The answer is to be the data that follows, transcribed exactly, minus its pictures.

[[ Source material, beginning ]]

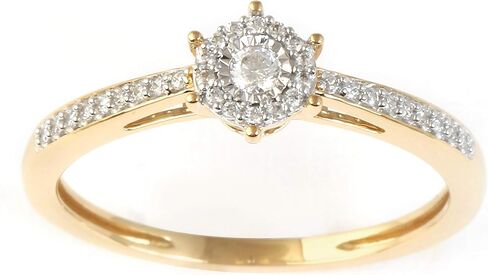Dzon Sterling Silver 1/8 CT TDW Diamond Promise Ring للنساء (I-J ، I2) in Kuwait
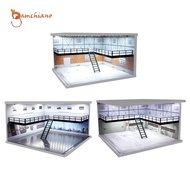 [Gamchiano] 1/64 1/36 1/32 Model Car Garage Diorama with A Light  Background Board USB Load for Hobb
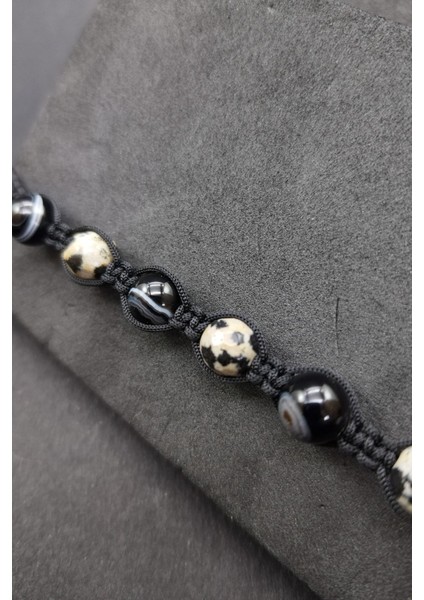 Unisex Jasper ve Akik Siyah Özel Tasarım El Örgüsü Makrome Doğal Taş Bileklik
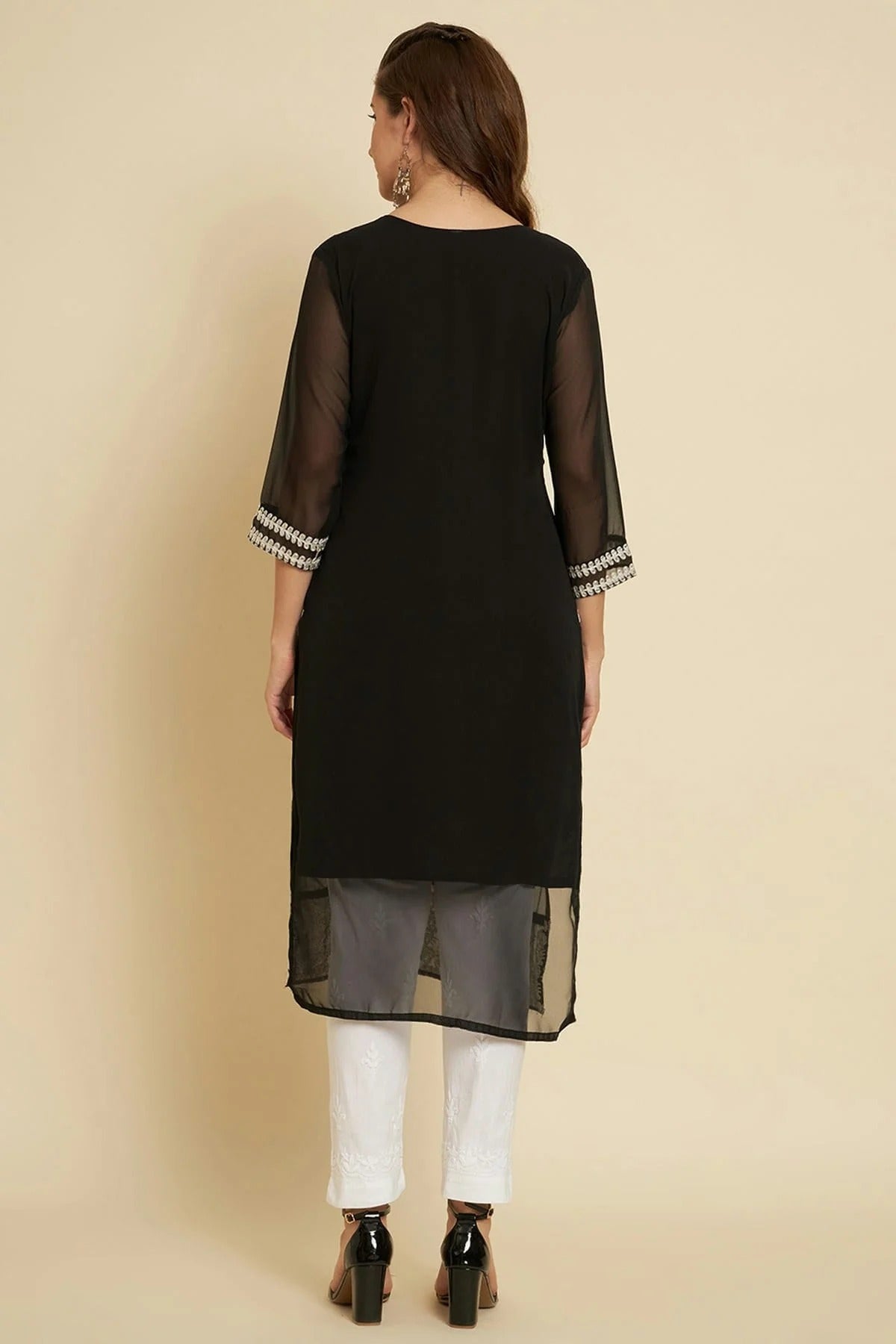 Black Colour Georgette Kurti KR1111265 A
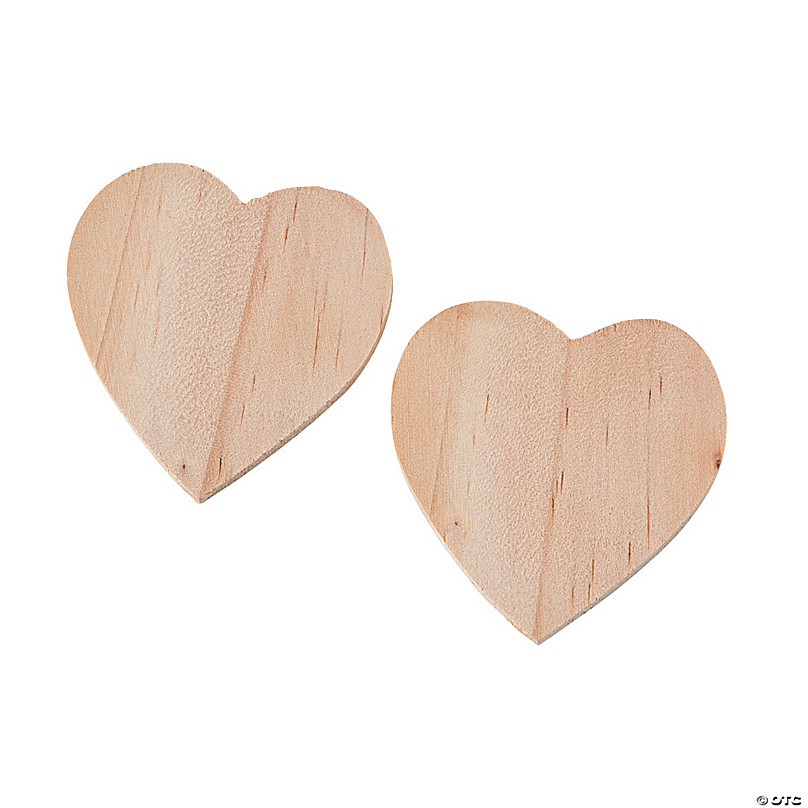 Small Wooden Craft Hearts - 50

[[ Source material, end ]]

# Problem solution
Dzon Sterling Silver 1/8 CT TDW Diamond Promise Ring للنساء (I-J ، I2) in Kuwait
 [Gamchiano] 1/64 1/36 1/32 Model Car Garage Diorama with A Light  Background Board USB Load for Hobb
 Unisex Jasper ve Akik Siyah Özel Tasarım El Örgüsü Makrome Doğal Taş Bileklik
 Black Colour Georgette Kurti KR1111265 A
 Small Wooden Craft Hearts - 50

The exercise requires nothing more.